Ashtanga Yoga

Ashtanga Yoga

”Yet Yoga as a way of life and philosophy, can be practiced by anyone with an inclination to undertake it, for Yoga belongs to humanity as a whole. It is not the property of any one group or any one individual, but can be followed by any and all, in any corner of the globe, regardless of class, creed or religion".

- Shri K Pattabhi Jois, Yoga Mala 1962

Ashtanga Yoga 

Ashtanga Vinyasa Yoga is a dynamic choreographed sequence of postures linked together by the breath. Through practice of Tristana; breathing (Ujjai), postures (Asanas), and gazing point (Dristi), we cultivate a body/mind connection and deeper awareness about the body and senses. 

A steady regular practice will purify the body and slowly progress strengths and flexibility as well as evoke a more internal consciousness and peaceful mind.

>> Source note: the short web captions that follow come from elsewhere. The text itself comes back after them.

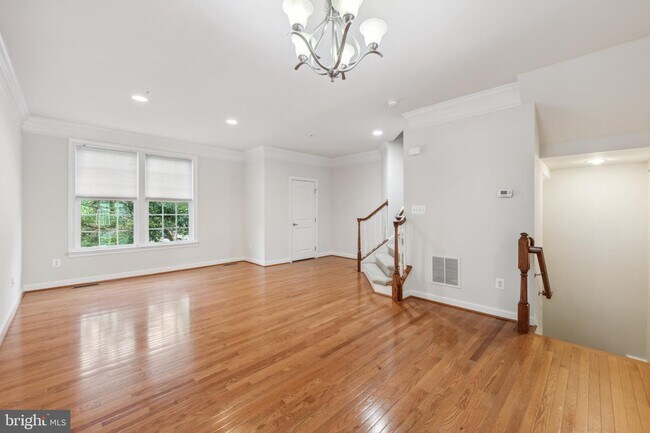 Building Photo - 13222 Cloppers Mill Dr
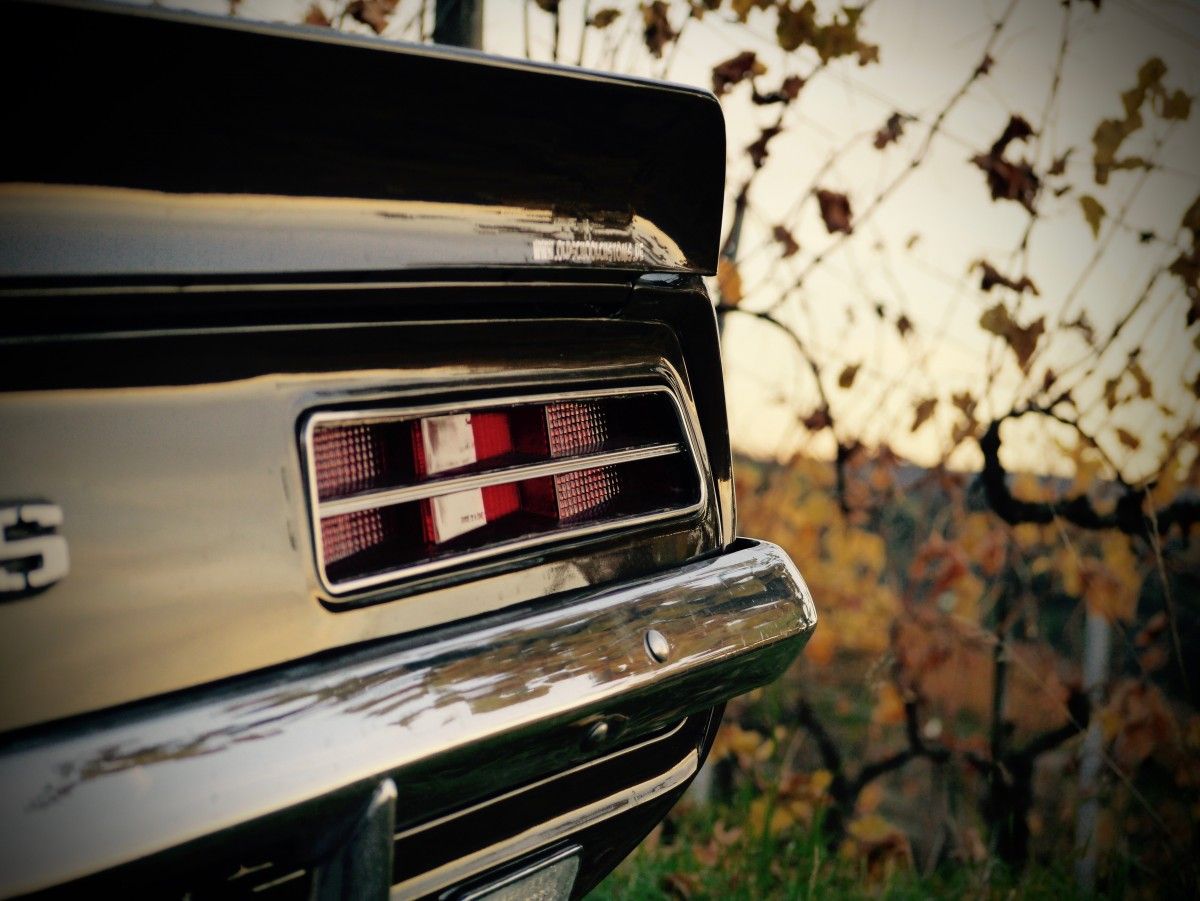 It's #ThrowbackThursday! 👾💾 

What's your favorite memory with your #ClassicCar?
Let us know in the comments!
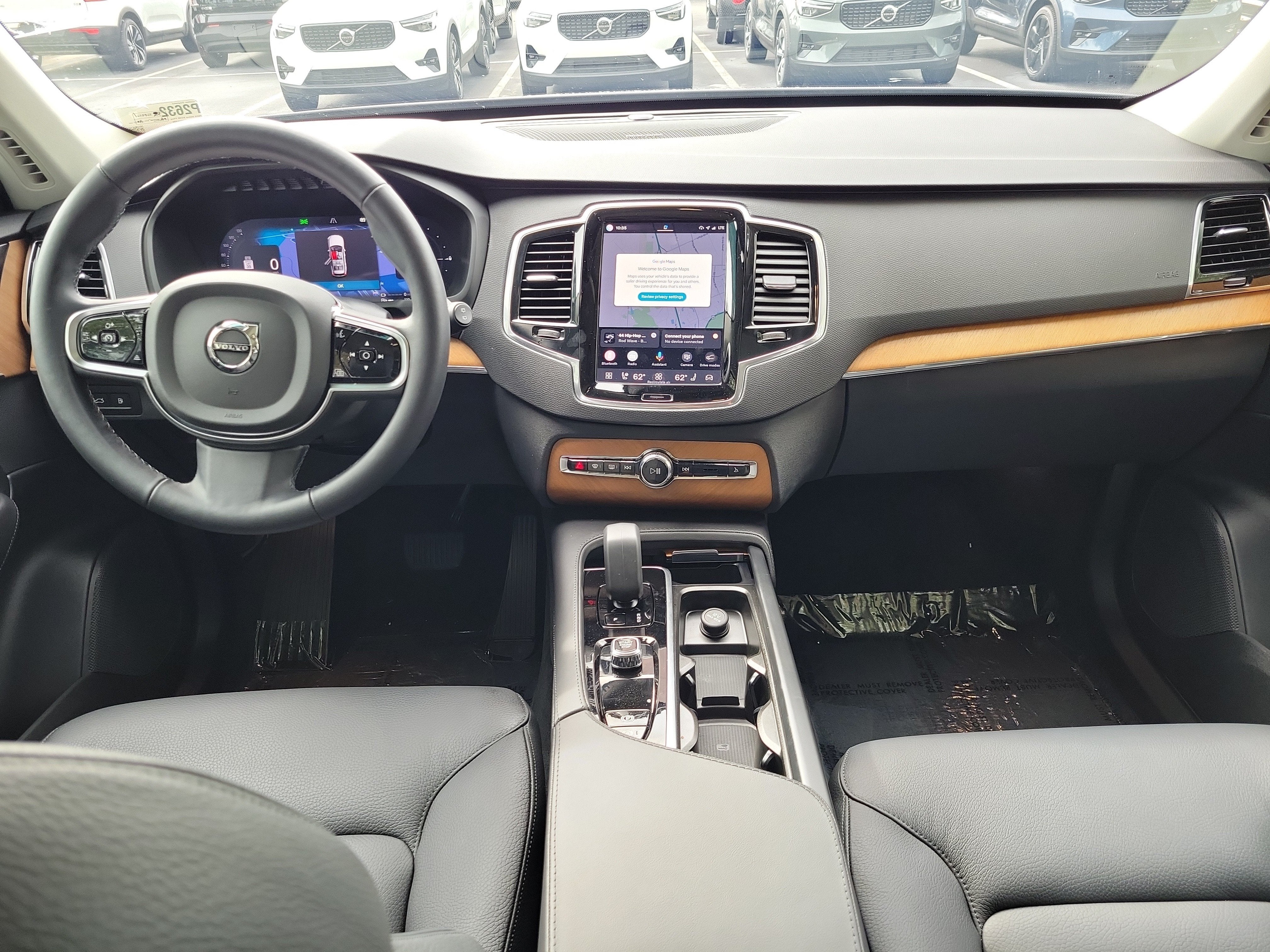 2025 Volvo XC90 Plug-In Hybrid Plus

Ashtanga Yoga as a physical practice was methodized in the ancient text The Yoga Korunta approximately 4000 years ago by the Vedic seer Rishi Vamana. These texts represents a foundation for what we know as the Ashtanga Yoga sequences today. They were re-discovered by the Indian Yoga Guru Shri T Krishnamacharya and passed on to several of his students, including Shri K Pattabhi Jois. Today his grandson Sharath is teaching in the Shala in Mysore together with his mother, Pattabhi Jois’ daughter Saraswathi.

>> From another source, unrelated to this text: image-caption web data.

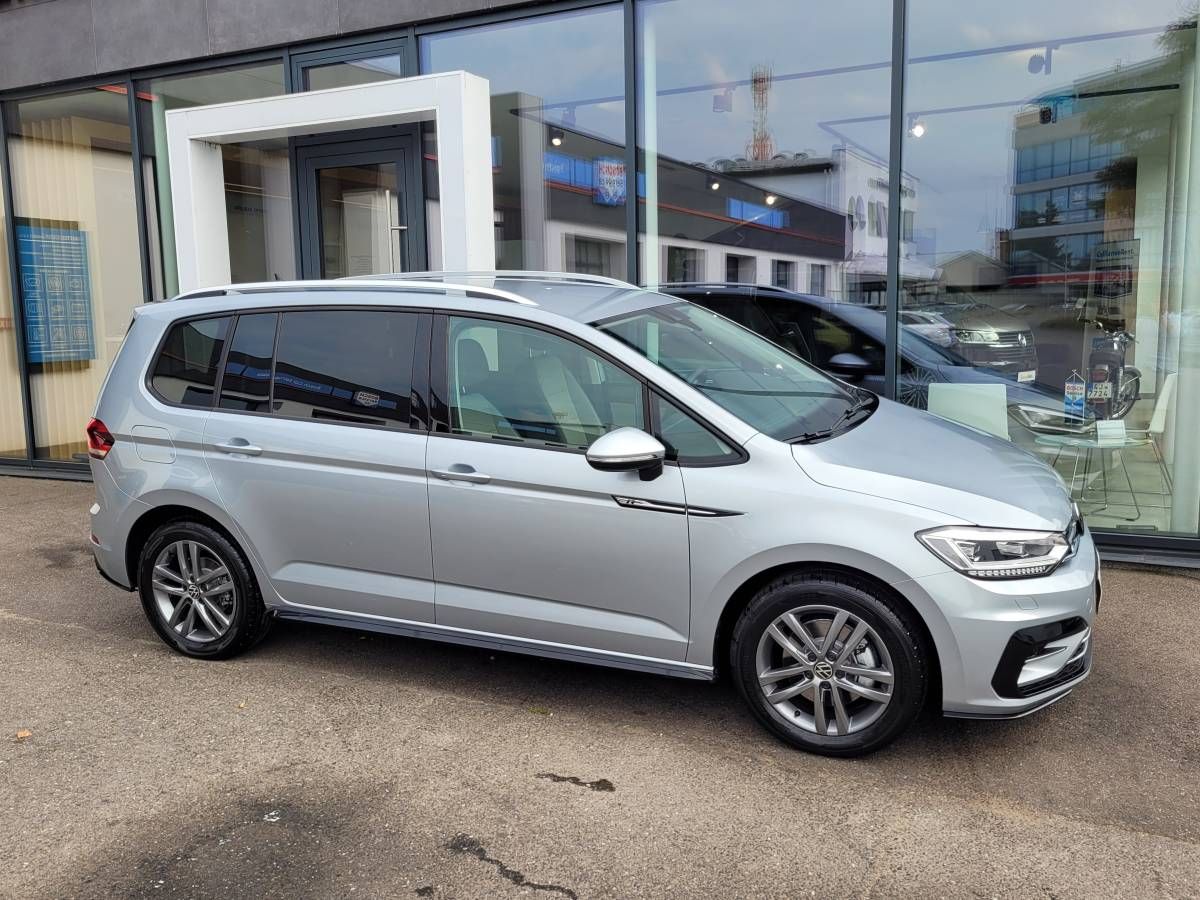 Volkswagen Touran, 1.5 TSI DSG R-Line 7míst TAŽNÉ - fotka 4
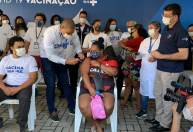 Rio inicia campanha de aplicação de 2ª dose em moradores do Complexo da Maré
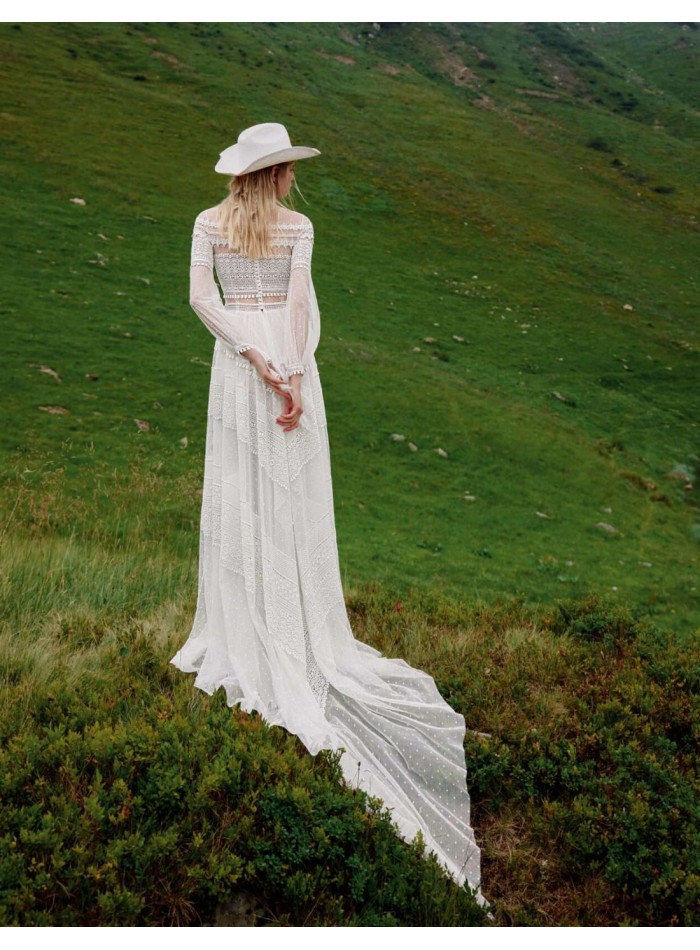 Long wedding dress in tulle and lace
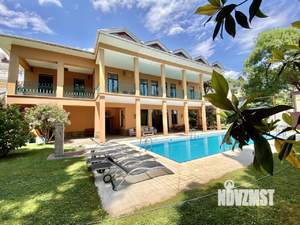 Дом 600м², 2-этажный, посуточно,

The term Ashtanga Yoga derives from the Sanskrit words Astau meaning eight and Anga meaning limb. Ashtanga Yoga refers to the eight limbs as taught by the great sage Patanjali who was the first to systematize an approach to classical Yoga in his Yoga Sutras (200 BC). These 198 sutras or aphorisms, that beautifully embraces all aspects of Yoga,  should be merged into our practice to deepen a spiritual awareness to progress a state of Yoga or self-realization. Hopefully it enables us to experience our lives fully and move the collective consciousness toward compassion and kindness.

We believe in Parampara, a Sanskrit word that refers to the succession of knowledge from one guru to the next. We practice and teach in this tradition passed on from Sharath Jois.